Mr Graham will be out again collecting signatures in Comrie on Saturday January 27 at 2.30pm at St Kessog’s Square on Drummond Street.
The man in charge of RBS has told colleagues to ignore the backlash and plough on with the “painful” move of closing branches in Scotland.
In an email sent to staff, seen by The Courier, chief executive Ross McEwan warned them not to be distracted by negative media coverage.
The taxpayer-owned bank was under huge pressure last week over the plan to shut 62 branches in Scotland, eight of which are in Courier Country.
An internal memo which instructed staff to let business customers “hang themselves” also surfaced.
The SNP’s most senior MP has demanded that RBS halts the plan for mass closures.
Mr McEwan told colleagues that closing branches was a “difficult choice”, but was “driven by customer behaviour”.
“We’ve seen a massive switch to online and mobile banking, while branch usage has dropped substantially by 40% since 2014,” he wrote.
“I do appreciate that the transition is painful for some customers and colleagues and our job must be to make sure that the right measures are in place to help people through the change.”

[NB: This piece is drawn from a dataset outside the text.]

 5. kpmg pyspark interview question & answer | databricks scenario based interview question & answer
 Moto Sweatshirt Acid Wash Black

He insisted there are “now more ways to do everyday banking than ever before”, such as through mobile branches, online banking and the post office.
Mr McEwan said some media coverage had made “uncomfortable reading”.

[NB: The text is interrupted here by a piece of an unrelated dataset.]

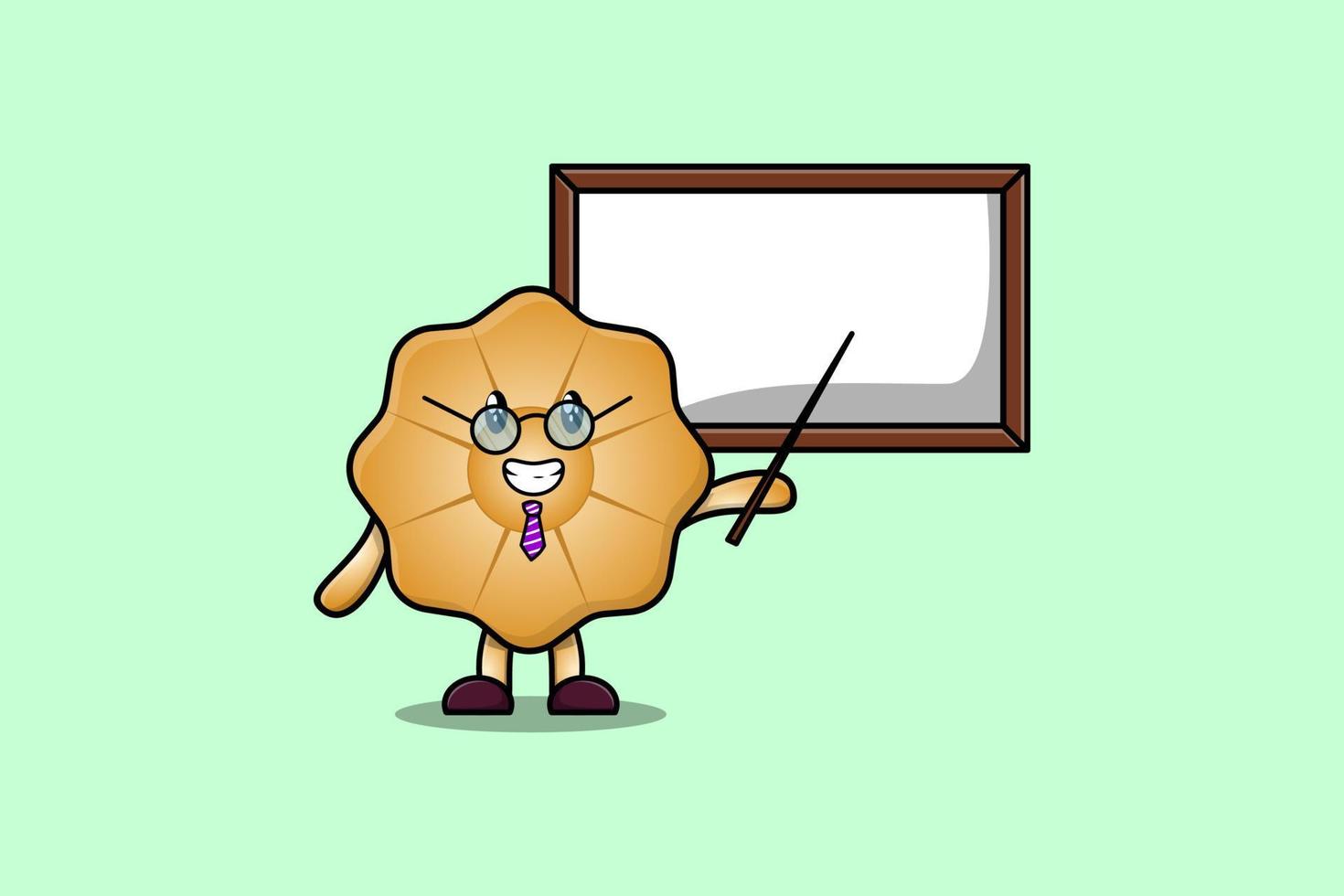 Cute cartoon Cookies teacher character teaching vector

Ian Blackford, the SNP’s leader in Westminster, said: “This programme of mass branch closures is not just a ‘difficult’ and ‘painful’ choice – it is the wrong choice, based on misleading figures and a flawed case.”
Two of Mr McEwan’s management team were quizzed by MPs from the Scottish Affairs Committee on Wednesday. They refused to consider backing down despite admitting the £9.5 million savings from the closures is “not significant”.
The Courier is campaigning against the programme, as well as a further 49 closures in Scotland from the Bank of Scotland, which threatens to cut off vulnerable customers and make life even more difficult for small businesses.
The memo circulated in 2009 by a junior manager in the bank’s former Global Restructuring Group championed a strategy of letting struggling business customers “hang themselves”.